Look below for the line with "Great Ocean Road Aerial". Retype it and every line after it to the end, exactly, but leave out the pictures.

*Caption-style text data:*
== == ==
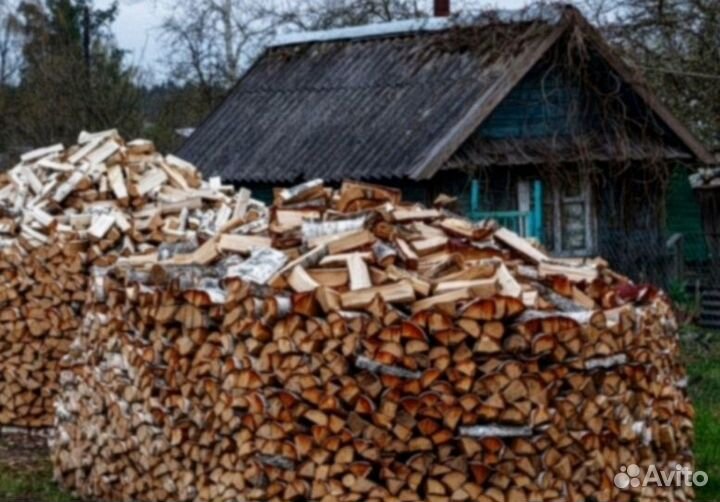 Дрова колотые с доставкой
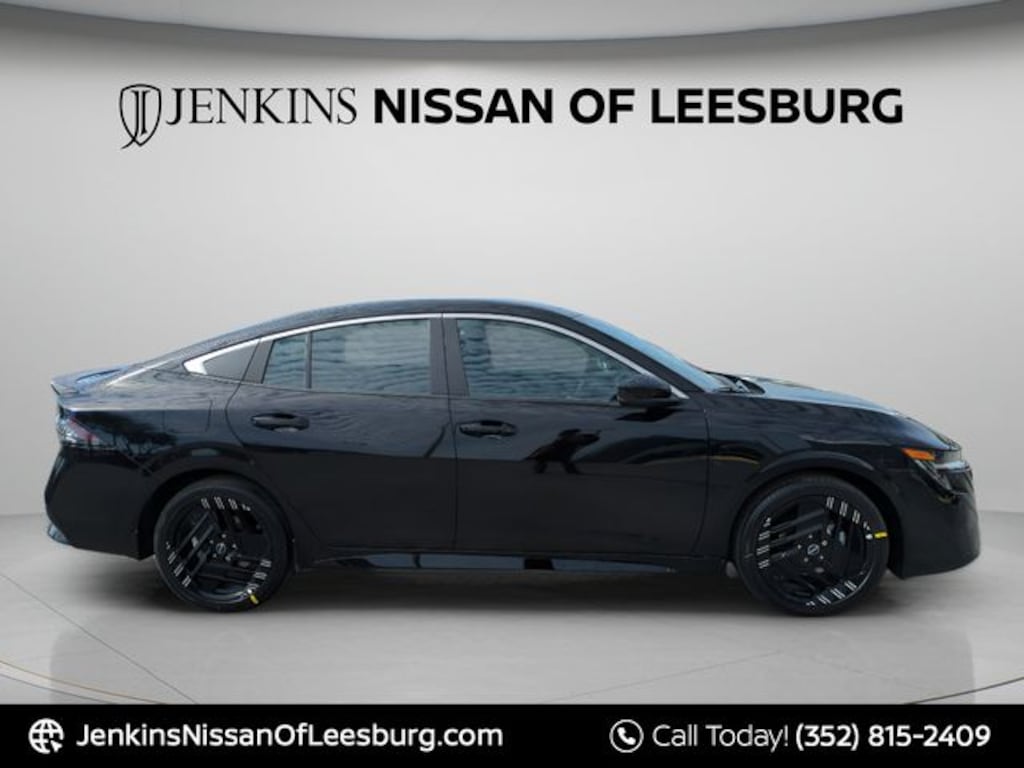 New 2026 Nissan Sentra SR Sedan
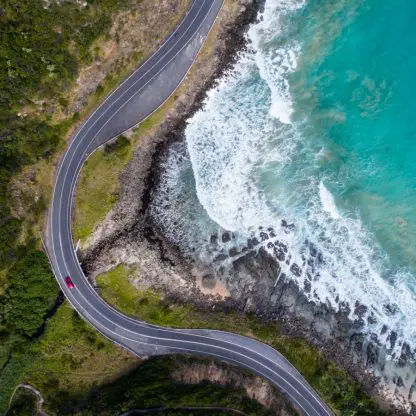 Great Ocean Road Aerial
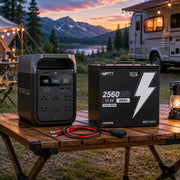 WattCycle 48V 50Ah Bluetooth LiFePO₄ Battery with 100A BMS – For Golf Carts & Ride-On Mowers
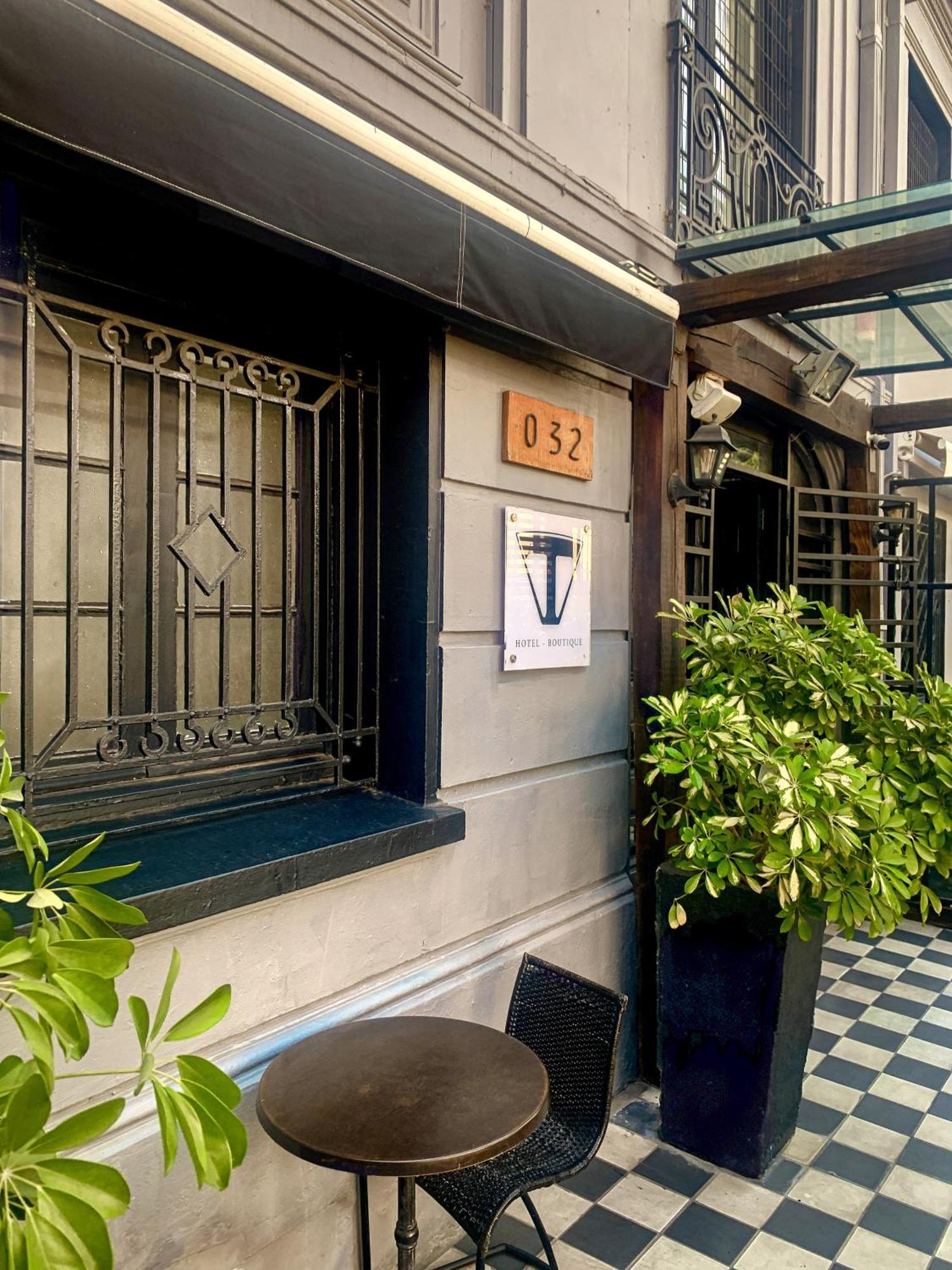 Hotel Tremo Bellavista Santiago del Cile Esterno foto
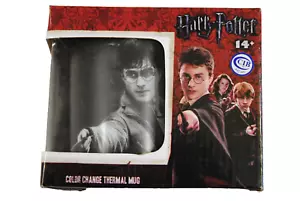 HARRY POTTER COLOR CHANGE THERMAL MUG NEW OFFICIAL BOXED MOVIE FILM RARE NECA - Picture 1 of 6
== == ==
*ANSWER TO THIS EXERCISE:*
 Great Ocean Road Aerial
 WattCycle 48V 50Ah Bluetooth LiFePO₄ Battery with 100A BMS – For Golf Carts & Ride-On Mowers
 Hotel Tremo Bellavista Santiago del Cile Esterno foto
 HARRY POTTER COLOR CHANGE THERMAL MUG NEW OFFICIAL BOXED MOVIE FILM RARE NECA - Picture 1 of 6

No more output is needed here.